# info about copper sulphate



## funnykidz (Jun 15, 2011)

hi,
I would like to ask the info about the copper sulfate that used to kill the root in the sewer line..May I know the interval point that I need to instal the copper sulfate as the root extends a long way through a line?
thanks..


----------



## bobt (Jun 15, 2011)

Welcome to Arboristsite.

Copper Sulfate is a salt that is used to prevent roots from growing into sewer lines. Most people use a product that is granular in form, and is flushed down the toilet. Don't quote me, but I believe the product is called "Root-EX". 

Your question about intervals is somewhat vague. If you mean how often,,,,,I will guess twice a year.

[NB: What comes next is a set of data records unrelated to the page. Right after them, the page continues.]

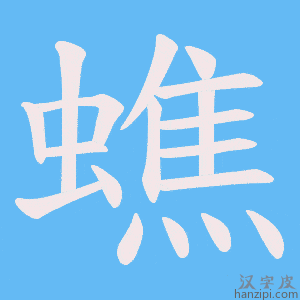 《蟭》的笔顺动画写字动画演示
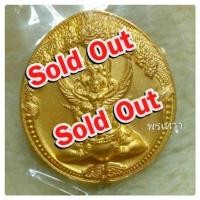 ราคา พระนารายณ์ทรงครุฑ วัดไตรมิตร ปี2548 (162131025)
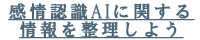 感情認識AIに関する情報を整理しよう
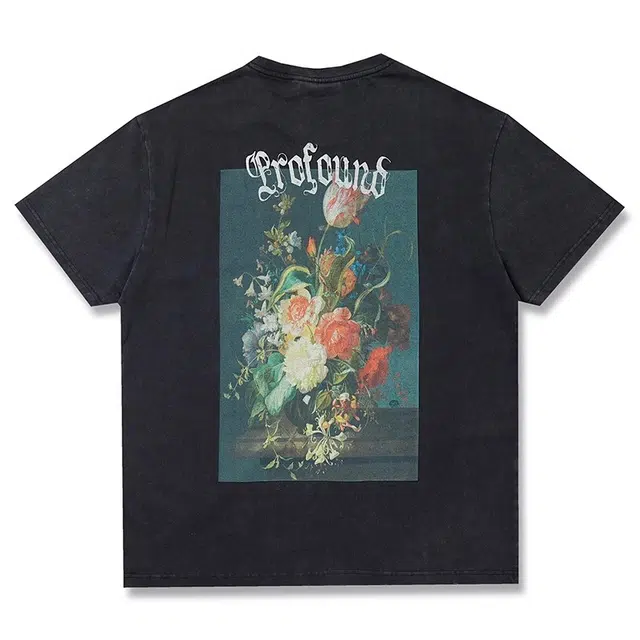 Profound T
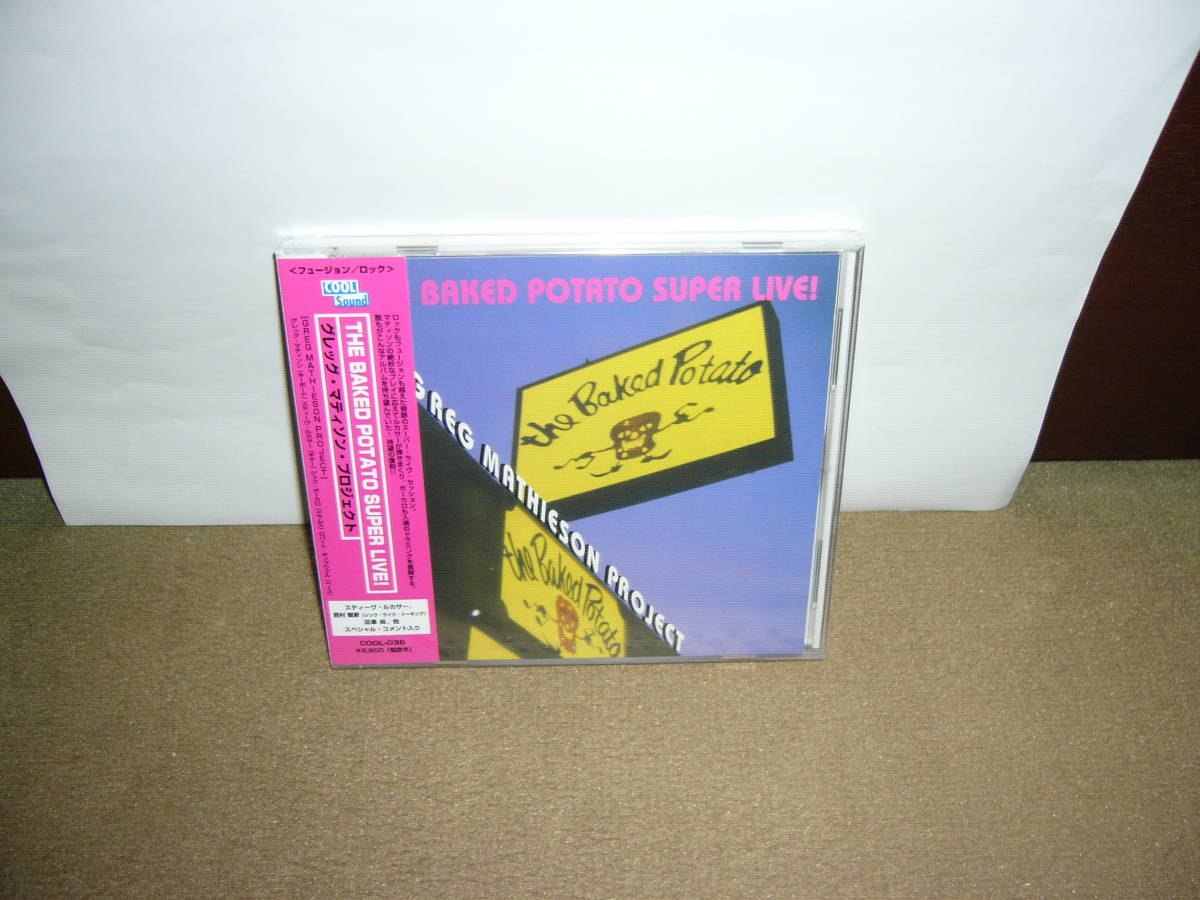 名手Steve Lukather/Jeff Porcaro参加 大傑作ライヴ盤 The Greg Mathieson Project「The Baked Poteto Super Live !」国内盤未開封新品。_画像1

I am no expert though. Buy the product that contains copper sulphate, and follow the directions on the container. It works well as far as I am concerned.

Bob


----------



## funnykidz (Jun 15, 2011)

Thanks for reply my ques..about the interval,i mean the distance for me to put the copper sulfate into the soil as the roots extend in a very long distance in sewer line..
as tree roots hate copper sulfate and wont go near to it,then what is the area or distance do copper sulfate will avoid the tree roots grow into this coverage area/distance? 
i do heard that product before..but what if for my case,the sewer line is not connected with the toilet?


----------